AKA: King of Triads
Year of release: 2010
Genre: martial arts
Director: Dennis Law
Action director: Nicky Li
Producer: Dennis Law
Writer: Dennis Law
Cinematography: Herman Yau
Editing: Azrarel Chung
Music: Tommy Wai
Stars: Simon Yam, Benrice Liu, Pinky Cheung, Andy On, Lam Suet, Chris Lai, Jiang Lu-Xia, Ken Lo, Hung Yan-Yan, Michael Chan, Eddie Cheung, Wong Tin-Lam
Rated IIB for violence and language
Movie Review Index
A former real estate magnate turned director, one always gets the sense that Dennis Law's heart is in the right place, but he doesn't really have the chops to produce compelling cinema. His 2010 picture Bad Blood (renamed to King of Triads for its' recent US DVD release) is another example of this. While there are some fun scenes present here, as whole, the film isn't very well put together at all, making this more of a rainy day rental, rather than mandatory viewing material for action movie fans.
The story here (which was also the product of Dennis Law's mind) is pretty much bottom of the barrel stuff, with the basics boiling down to Bernice Liu and Andy On trying to eliminate members of a gang led by Simon Yam so that they can keep a five million dollar inheritance to themselves. Now, granted, action movies don't need to have deep plots to be entertaining, but the exposition here is truly painful in parts. Case in point -- Simon's character's name is Funky. Yeah, that's right. Funky. Ugh. Someone please pass the Jagermeister.
Dennis Law's style of film-making seems to be to simply place a camera in the center of a room and just let the actors go through such not-so-exciting motions like making coffee. And he really doesn't seem to have any grasp on how to motivate actors, with most of them going on auto-pilot. For the veterans like Simon Yam, who has played this kind of role dozens of times, this isn't a major detriment, since they can do these sorts of gigs in their sleep.
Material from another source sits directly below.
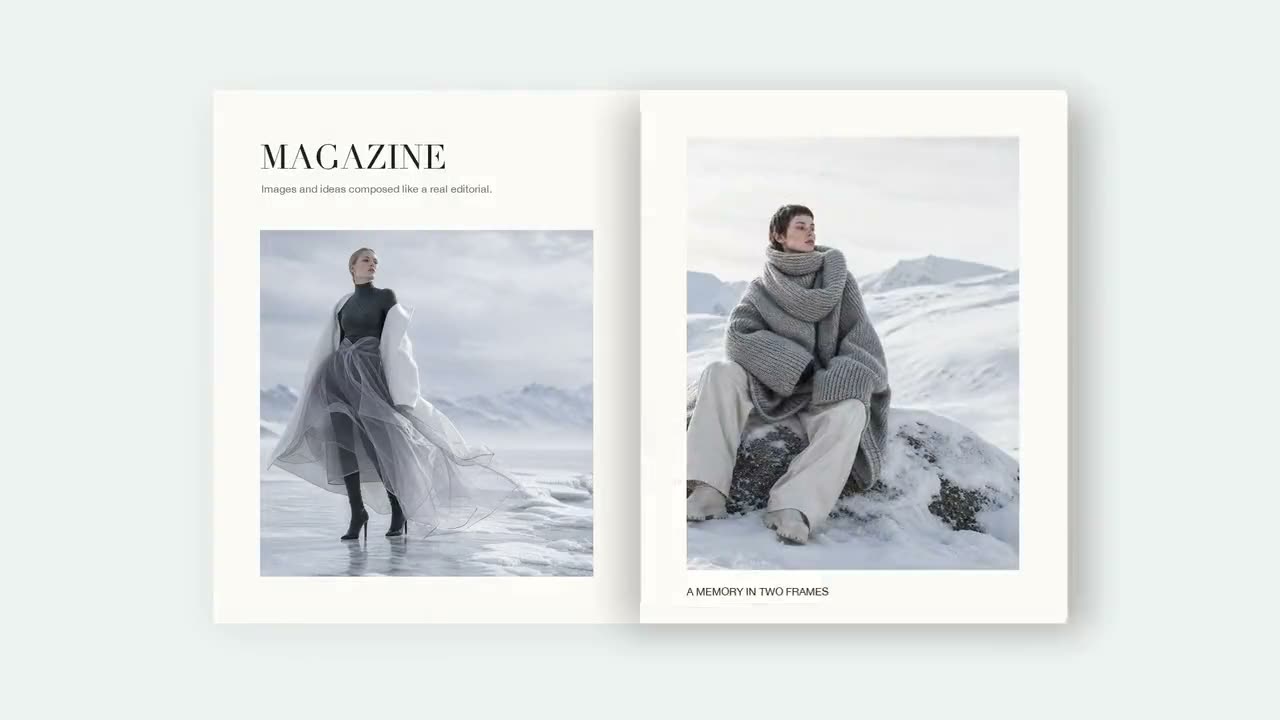Double page éditoriale d’ouverture avec deux portraits de mode d’hiver dans la neige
But, for the younger actors, watching them attempt to emote is akin to a cinematic icepick to the temples. The worst offender is Bernice Liu, who, despite looking lovely, far too often resorts to the crutch employed by many poor Hong Kong actors of reciting her lines in English.
What saves Bad Blood from becoming total cinematic chum are the fighting sequences. With a cast that includes Ken Lo, Hung Yan-Yan, and Michael Chan, there is some definite quality present in the fisticuffs department. In particular, Mainland actor Jiang Lu-Xia shines in what could have been a standard tough girl role. But, overall, even though the fights are good stuff, there isn't nearly enough of them to get across the sizeable divots in the road the clunky exposition throws towards the viewer.